- [What to work on] Search term "zona": copy each line of the records that contains it.

(Supplied records)

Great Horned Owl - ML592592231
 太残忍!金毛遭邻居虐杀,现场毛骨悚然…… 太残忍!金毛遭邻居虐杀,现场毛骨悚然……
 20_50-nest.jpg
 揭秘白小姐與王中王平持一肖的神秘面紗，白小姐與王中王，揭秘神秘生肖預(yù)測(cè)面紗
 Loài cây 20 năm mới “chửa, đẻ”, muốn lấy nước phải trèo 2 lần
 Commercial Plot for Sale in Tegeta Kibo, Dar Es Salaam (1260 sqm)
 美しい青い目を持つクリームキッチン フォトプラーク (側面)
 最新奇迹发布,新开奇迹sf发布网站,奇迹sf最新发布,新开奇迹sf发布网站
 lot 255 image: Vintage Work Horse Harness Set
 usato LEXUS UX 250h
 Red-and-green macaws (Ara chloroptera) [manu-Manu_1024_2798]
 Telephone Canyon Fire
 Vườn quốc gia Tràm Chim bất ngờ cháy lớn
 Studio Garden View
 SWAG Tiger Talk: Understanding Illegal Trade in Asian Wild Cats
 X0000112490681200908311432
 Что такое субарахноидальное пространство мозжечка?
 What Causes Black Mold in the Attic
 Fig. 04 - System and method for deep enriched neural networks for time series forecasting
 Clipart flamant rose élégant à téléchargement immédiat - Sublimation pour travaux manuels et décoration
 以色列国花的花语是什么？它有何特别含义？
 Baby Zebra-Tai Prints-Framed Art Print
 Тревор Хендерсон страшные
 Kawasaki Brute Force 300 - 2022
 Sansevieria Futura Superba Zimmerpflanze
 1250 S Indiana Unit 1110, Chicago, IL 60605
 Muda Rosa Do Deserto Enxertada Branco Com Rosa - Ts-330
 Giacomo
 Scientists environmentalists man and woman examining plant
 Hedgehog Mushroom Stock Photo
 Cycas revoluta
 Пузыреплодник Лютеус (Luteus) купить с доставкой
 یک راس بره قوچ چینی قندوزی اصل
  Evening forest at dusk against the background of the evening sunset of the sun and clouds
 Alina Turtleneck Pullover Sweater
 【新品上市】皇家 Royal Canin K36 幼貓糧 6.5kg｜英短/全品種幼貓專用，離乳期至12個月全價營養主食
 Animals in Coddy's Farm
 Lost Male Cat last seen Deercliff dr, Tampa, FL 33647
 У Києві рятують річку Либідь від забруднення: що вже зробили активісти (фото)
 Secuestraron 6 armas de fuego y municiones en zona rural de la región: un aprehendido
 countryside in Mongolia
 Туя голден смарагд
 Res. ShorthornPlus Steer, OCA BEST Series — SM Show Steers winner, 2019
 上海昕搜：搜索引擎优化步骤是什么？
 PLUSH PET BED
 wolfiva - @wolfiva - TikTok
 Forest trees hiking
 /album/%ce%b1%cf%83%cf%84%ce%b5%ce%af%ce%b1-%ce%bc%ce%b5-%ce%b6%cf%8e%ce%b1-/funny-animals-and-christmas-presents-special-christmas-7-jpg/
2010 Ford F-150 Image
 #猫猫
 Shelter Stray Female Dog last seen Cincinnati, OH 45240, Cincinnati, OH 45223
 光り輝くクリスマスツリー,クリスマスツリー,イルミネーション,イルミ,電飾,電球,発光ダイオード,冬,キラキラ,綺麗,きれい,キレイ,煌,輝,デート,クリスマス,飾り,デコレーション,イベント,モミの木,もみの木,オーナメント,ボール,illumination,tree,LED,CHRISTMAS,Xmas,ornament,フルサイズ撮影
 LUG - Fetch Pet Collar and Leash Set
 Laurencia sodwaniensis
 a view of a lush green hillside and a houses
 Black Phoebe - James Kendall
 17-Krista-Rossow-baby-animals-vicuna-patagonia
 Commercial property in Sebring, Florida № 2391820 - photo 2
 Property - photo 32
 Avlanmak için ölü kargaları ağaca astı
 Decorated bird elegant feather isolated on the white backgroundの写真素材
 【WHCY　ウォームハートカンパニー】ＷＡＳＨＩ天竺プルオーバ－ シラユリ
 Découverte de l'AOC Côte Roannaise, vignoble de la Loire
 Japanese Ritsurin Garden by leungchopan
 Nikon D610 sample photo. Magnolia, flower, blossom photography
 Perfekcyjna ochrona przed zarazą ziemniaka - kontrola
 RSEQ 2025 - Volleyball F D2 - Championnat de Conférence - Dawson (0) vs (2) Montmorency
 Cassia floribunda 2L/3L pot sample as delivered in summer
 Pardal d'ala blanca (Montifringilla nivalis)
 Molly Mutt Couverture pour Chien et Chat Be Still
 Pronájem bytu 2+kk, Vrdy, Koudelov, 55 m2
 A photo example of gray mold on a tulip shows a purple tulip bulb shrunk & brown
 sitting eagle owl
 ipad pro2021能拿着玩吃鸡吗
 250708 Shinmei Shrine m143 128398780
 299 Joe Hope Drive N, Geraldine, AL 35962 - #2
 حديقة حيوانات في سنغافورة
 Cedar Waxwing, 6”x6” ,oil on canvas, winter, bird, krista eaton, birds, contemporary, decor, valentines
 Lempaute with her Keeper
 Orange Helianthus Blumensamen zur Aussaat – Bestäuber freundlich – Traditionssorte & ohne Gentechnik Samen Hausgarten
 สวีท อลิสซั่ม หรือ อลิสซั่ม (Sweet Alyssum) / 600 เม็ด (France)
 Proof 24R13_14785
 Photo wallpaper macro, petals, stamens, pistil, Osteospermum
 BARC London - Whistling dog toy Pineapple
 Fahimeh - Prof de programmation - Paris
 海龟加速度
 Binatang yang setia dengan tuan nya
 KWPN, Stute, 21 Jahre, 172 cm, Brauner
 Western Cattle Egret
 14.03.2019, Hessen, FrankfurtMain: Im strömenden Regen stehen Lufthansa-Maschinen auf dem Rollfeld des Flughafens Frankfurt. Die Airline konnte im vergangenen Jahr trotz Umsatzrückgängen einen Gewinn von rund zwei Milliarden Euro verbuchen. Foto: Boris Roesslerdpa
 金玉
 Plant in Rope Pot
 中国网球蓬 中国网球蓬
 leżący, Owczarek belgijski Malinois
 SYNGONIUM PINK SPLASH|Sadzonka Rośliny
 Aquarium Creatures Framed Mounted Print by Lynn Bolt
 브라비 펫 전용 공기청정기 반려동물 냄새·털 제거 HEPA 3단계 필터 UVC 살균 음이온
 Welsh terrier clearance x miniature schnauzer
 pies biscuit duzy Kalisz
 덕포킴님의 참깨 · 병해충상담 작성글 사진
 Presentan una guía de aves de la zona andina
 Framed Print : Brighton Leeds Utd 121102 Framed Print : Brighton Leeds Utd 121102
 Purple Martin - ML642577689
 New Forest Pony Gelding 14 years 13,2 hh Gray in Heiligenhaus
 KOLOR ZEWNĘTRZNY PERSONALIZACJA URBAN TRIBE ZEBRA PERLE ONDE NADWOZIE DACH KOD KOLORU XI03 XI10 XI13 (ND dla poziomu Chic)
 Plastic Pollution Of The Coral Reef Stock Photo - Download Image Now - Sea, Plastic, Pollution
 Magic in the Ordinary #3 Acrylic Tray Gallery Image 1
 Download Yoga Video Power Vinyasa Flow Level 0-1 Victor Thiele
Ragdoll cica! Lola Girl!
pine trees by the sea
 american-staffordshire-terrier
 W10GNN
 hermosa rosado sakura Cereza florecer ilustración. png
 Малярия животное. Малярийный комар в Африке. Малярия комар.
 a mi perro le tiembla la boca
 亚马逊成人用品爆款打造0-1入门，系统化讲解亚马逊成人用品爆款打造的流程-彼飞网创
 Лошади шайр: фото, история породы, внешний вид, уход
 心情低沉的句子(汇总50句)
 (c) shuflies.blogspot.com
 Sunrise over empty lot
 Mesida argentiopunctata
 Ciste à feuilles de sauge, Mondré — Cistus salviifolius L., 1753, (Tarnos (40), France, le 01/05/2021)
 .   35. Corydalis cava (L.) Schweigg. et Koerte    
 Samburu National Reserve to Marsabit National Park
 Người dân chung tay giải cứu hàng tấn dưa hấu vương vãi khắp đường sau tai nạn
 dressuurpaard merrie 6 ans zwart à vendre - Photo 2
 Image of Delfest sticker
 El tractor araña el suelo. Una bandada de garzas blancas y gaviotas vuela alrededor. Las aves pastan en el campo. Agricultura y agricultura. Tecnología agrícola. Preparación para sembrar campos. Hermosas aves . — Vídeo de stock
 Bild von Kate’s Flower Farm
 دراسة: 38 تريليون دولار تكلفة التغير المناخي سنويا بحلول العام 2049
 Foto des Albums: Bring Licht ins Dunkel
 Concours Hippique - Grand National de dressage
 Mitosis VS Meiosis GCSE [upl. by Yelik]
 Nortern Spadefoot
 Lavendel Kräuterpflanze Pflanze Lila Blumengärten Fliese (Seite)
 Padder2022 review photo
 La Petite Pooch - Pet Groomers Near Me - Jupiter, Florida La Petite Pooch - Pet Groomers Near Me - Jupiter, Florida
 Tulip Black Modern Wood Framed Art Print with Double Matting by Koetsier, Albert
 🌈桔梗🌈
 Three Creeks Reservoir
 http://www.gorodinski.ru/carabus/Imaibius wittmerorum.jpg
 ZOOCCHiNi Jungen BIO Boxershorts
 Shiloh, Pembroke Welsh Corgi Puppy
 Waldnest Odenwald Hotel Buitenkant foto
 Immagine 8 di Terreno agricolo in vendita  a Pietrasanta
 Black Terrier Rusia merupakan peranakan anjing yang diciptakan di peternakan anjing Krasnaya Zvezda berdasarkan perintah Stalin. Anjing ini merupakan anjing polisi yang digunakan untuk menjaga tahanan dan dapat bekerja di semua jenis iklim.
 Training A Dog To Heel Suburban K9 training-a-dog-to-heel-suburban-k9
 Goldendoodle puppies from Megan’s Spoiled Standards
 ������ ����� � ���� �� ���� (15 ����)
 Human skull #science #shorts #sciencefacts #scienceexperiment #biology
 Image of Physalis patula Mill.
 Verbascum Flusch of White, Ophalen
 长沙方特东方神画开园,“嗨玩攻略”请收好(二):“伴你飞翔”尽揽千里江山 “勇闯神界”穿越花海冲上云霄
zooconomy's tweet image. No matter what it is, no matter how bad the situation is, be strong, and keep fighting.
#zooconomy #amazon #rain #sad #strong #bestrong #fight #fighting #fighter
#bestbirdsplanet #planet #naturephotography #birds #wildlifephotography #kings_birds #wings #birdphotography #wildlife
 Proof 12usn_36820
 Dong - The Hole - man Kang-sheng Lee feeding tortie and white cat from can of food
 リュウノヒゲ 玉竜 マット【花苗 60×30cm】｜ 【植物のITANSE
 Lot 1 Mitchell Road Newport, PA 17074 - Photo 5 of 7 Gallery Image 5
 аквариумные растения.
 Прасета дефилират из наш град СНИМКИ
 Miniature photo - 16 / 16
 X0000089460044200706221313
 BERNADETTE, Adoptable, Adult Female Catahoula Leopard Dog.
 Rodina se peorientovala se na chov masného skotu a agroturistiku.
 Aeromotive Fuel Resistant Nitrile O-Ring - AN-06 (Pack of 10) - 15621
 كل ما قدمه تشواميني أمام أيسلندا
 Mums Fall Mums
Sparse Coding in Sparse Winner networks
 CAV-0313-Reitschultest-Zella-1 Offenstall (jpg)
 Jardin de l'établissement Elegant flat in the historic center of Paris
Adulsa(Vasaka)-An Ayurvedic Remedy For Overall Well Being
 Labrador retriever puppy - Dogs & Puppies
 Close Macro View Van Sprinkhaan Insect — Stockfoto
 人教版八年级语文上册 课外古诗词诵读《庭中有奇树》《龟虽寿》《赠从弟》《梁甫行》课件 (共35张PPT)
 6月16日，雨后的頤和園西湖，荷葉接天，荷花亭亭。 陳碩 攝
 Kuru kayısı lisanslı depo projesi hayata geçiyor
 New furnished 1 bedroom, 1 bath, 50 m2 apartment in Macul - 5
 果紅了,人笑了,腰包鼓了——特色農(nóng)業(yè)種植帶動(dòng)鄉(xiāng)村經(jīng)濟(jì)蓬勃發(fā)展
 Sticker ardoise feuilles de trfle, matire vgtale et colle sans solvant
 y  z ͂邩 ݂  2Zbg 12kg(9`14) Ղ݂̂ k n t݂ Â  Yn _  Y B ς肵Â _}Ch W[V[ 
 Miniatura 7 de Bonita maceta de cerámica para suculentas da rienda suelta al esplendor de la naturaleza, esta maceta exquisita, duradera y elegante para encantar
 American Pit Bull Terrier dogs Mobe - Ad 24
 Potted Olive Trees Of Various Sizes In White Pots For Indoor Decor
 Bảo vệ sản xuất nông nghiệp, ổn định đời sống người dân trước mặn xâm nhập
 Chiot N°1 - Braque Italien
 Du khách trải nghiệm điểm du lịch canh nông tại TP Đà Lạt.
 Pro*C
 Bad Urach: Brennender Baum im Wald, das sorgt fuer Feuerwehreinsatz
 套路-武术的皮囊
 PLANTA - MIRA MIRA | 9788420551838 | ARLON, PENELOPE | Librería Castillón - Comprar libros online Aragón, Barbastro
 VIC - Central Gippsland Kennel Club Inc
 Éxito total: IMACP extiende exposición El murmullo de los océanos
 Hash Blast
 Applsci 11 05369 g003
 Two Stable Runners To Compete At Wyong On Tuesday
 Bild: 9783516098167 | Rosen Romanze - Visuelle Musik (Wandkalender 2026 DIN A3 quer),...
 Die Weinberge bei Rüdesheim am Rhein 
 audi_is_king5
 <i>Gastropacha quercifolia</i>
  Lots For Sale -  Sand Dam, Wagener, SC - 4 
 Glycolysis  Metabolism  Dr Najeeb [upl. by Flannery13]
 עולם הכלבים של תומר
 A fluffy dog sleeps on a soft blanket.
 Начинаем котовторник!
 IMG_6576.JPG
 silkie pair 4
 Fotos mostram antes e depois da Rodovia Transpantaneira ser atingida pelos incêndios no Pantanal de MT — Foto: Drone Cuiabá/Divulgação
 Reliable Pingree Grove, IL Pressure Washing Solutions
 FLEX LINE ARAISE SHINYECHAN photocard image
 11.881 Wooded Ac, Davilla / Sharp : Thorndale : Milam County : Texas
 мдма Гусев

(End Supplied records)

- [Response to the task]
 Secuestraron 6 armas de fuego y municiones en zona rural de la región: un aprehendido
 Presentan una guía de aves de la zona andina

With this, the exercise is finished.